The Cluster Autoscaler works but it has fundamental limitations: it scales node groups, not individual nodes, which means you're constrained to the instance types you pre-configured. Karpenter replaces this with a smarter model — it reads the actual resource requirements of pending pods and provisions exactly the right instance type for them, choosing Spot or On-Demand based on your policy, and consolidating underutilised nodes automatically.

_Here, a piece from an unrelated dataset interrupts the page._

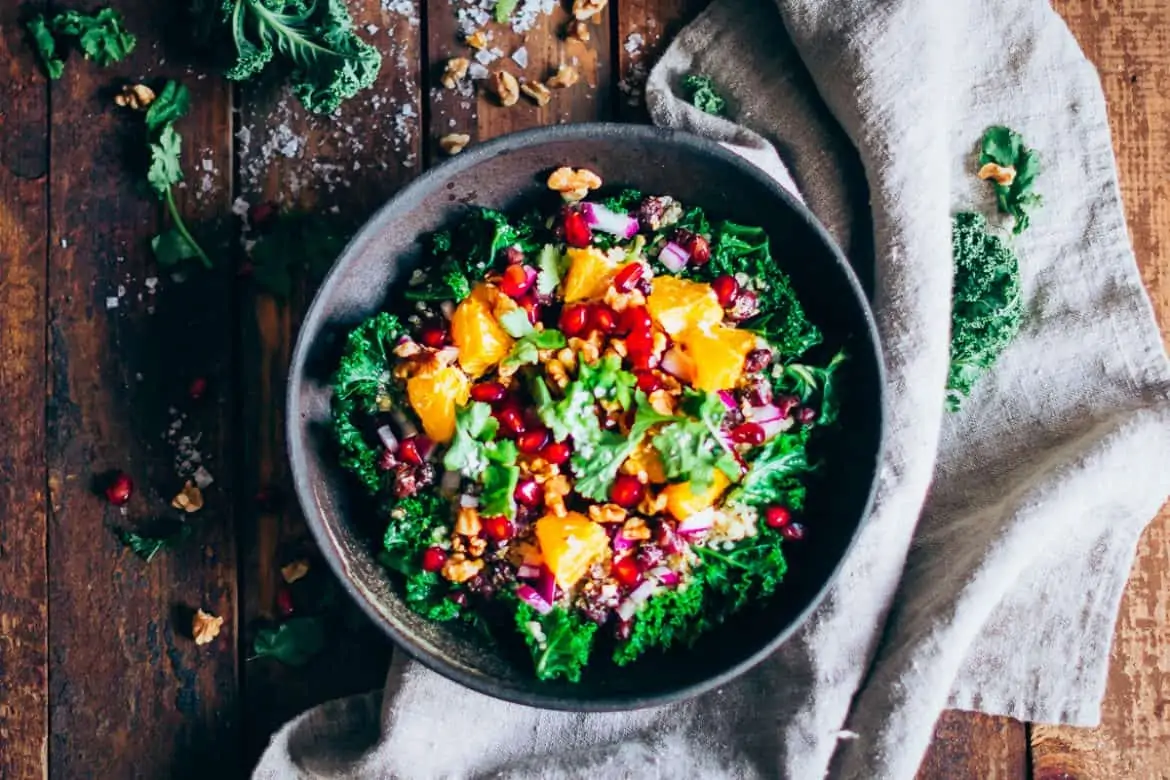 Ensalada templada de kale con quinoa, azukis y naranja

The result: faster scale-out (60–90 seconds vs 4–5 minutes with Cluster Autoscaler), better bin-packing, and lower bills.

Step 1: Set environment variables

Export these values — they're used throughout the tutorial:

bash
1export CLUSTER_NAME=my-cluster
2export AWS_DEFAULT_REGION=us-east-1
3export AWS_ACCOUNT_ID=$(aws sts get-caller-identity --query Account --output text)
4export KARPENTER_VERSION=1.12.1
5export KARPENTER_NAMESPACE=kube-system
6
7# Get OIDC ID
8export OIDC_ID=$(aws eks describe-cluster \
9  --name $CLUSTER_NAME \
10  --query "cluster.identity.oidc.issuer" \
11  --output text | sed 's|.*/||')
12
13echo "Account: $AWS_ACCOUNT_ID, OIDC: $OIDC_ID"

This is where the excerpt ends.